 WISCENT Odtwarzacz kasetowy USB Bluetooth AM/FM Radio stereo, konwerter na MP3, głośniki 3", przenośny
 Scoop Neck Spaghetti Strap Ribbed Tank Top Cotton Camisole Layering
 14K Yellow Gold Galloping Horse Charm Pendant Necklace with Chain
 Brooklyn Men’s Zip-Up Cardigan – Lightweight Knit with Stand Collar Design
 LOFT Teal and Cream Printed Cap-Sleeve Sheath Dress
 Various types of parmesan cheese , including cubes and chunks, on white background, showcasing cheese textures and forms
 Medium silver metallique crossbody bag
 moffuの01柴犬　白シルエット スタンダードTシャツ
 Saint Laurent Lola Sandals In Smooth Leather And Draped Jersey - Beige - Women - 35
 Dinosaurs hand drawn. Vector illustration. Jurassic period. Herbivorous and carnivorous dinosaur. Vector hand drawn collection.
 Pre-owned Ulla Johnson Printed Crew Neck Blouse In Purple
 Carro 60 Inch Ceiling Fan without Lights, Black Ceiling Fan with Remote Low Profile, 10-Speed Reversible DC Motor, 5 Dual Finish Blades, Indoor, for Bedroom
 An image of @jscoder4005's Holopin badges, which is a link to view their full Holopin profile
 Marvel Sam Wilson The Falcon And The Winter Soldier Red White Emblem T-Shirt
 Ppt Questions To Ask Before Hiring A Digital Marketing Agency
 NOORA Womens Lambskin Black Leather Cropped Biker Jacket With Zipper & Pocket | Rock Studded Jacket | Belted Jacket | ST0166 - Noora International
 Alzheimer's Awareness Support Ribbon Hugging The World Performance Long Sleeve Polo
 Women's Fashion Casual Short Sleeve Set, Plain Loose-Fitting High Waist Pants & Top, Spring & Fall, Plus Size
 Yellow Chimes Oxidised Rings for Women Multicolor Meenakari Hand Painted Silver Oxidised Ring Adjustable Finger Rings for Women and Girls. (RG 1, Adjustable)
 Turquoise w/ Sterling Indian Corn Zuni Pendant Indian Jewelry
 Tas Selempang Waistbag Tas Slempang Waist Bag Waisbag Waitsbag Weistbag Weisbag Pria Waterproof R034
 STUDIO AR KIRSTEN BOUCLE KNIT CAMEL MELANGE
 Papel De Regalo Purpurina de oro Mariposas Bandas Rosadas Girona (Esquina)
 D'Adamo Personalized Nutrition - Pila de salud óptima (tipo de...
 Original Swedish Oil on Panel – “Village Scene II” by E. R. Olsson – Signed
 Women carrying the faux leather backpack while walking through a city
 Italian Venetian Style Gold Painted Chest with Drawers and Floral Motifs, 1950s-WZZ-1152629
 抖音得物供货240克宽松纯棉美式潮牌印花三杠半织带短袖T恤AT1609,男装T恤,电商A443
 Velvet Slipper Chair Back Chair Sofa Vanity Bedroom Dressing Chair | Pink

:: Problem requirements ::
Output exactly the lines of the material above from the one containing "moffuの01柴犬　白シルエット スタンダードTシャツ" up to and including the one containing "NOORA Womens Lambskin".

:: Your solution ::
 moffuの01柴犬　白シルエット スタンダードTシャツ
 Saint Laurent Lola Sandals In Smooth Leather And Draped Jersey - Beige - Women - 35
 Dinosaurs hand drawn. Vector illustration. Jurassic period. Herbivorous and carnivorous dinosaur. Vector hand drawn collection.
 Pre-owned Ulla Johnson Printed Crew Neck Blouse In Purple
 Carro 60 Inch Ceiling Fan without Lights, Black Ceiling Fan with Remote Low Profile, 10-Speed Reversible DC Motor, 5 Dual Finish Blades, Indoor, for Bedroom
 An image of @jscoder4005's Holopin badges, which is a link to view their full Holopin profile
 Marvel Sam Wilson The Falcon And The Winter Soldier Red White Emblem T-Shirt
 Ppt Questions To Ask Before Hiring A Digital Marketing Agency
 NOORA Womens Lambskin Black Leather Cropped Biker Jacket With Zipper & Pocket | Rock Studded Jacket | Belted Jacket | ST0166 - Noora International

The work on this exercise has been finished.